ByEyewitness News WABC logo
Thursday, November 29, 2018
Immigrant detained after stop for broken headlight released
Jim Dolan spoke with the immigrant who was released and returned home to his family.

CENTRAL ISLIP, Long Island (WABC) -- An undocumented immigrant jailed and separated from his wife and two children for several months has been reunited with his family after a judge agreed to release him on bail.

There was happiness and joy Wednesday for Yeny Iniguez and her sister-in-law Rosa Orellana.

An immigration judge approved a $4,000 bond that clears the release of their husband and brother Felipe Iniguez from an Orange County jail.

"Oh my God, I didn't know if at the time to cry, to scream, to laugh. Oh my God, I was in shock," said Rosa Orellana.

Joe Torres reports on a detained immigrant from Long Island who will now be released.

It was back in May when a village of Lloyd Harbor police officer stopped the undocumented Ecuadorian immigrant for a burned-out headlight.

The 49-year-old resolved the matter that very same day, but local police notified federal authorities.

Three months later, ICE agents detained Iniguez on a deportation order dating back to 2001, an order he never knew about.

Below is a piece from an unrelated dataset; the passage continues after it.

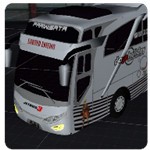 印度尼西亚巴士模拟器中文版  v1.0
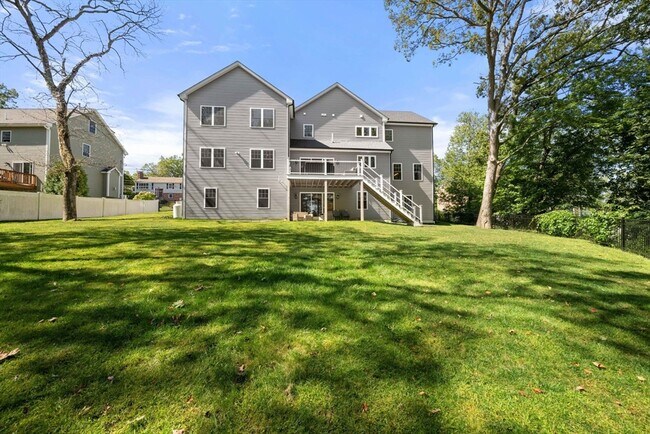 Building Photo - 41 Peach Orchard Rd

"It's a feeling I can't even express," said Felipe. "Like, what's going on with me?"

"All the papers were given to the INS, pre DHS, said that he was going to be living in Patchogue. So he actually never got notice," said immigration attorney Eric Horn.

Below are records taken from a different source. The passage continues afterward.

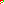 Destellos dst-599544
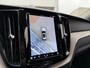 Volvo XC60 2.0 T8 Plug-in hybrid AWD Inscription | Bowers & Wilkins audio | Luchtvering | Memory | Stoel- en stuurverwarming | Elektrische stoelverstelling | Actieve LED koplampen | 22" velgen |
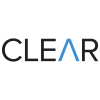 Clear Ventures II LP logo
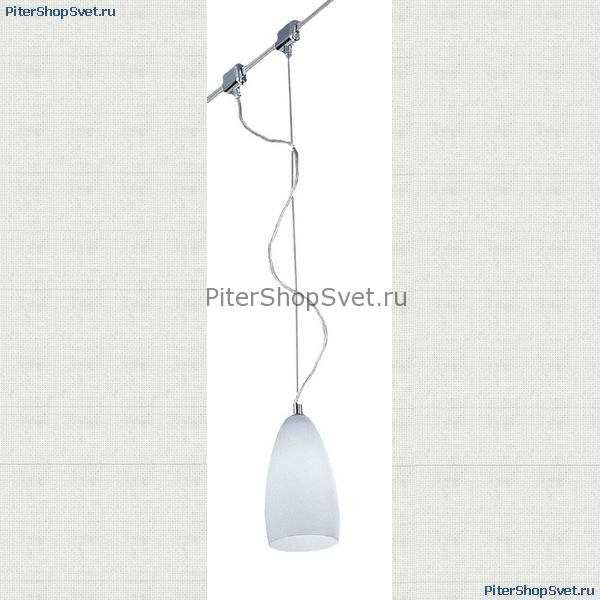 подвесная люстра Power Line артикул: 85763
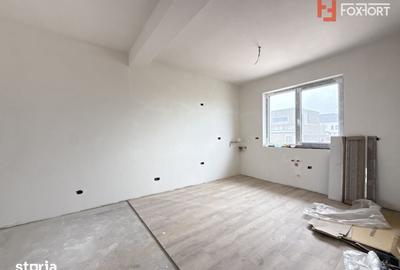 Casă cu 4 camere cu Teren 247 Mp în Săcălaz - 6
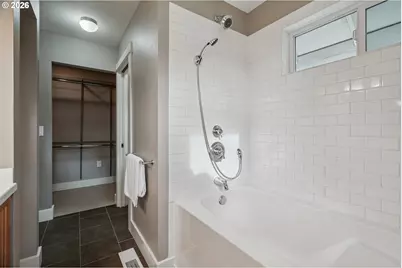 3842 SE 41st Ave, Portland, OR 97202 - Photo 25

After his months behind bars, Iniguez knows one thing about jail. "It's a place I don't belong," he said.

Iniguez lives in Central Islip. He's married, works as a carpenter and pays his taxes. Furthermore, says his lawyer, his petition for legal residency has been progressing for more than a year.

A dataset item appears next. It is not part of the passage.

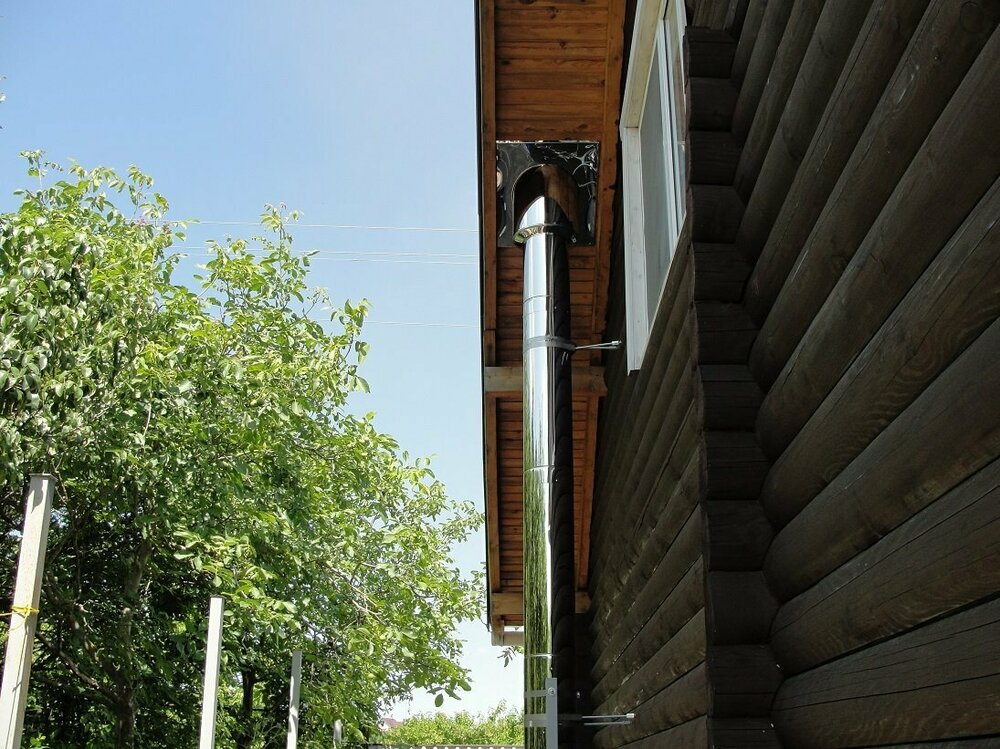 2014-07-07 14.08.43.jpg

"What we want is to give us the opportunity to continue with his case so that he could legalize his situation here", his wife told us in Spanish outside federal court Wednesday afternoon. "That's what we want."

Iniguez said he is hopeful his family's nightmare is over.

"I came here like most immigrants have been doing for hundreds of years, search for a better life." ("Did you find it here?", we asked.) "I think I did," he said. "I think my dream is still on."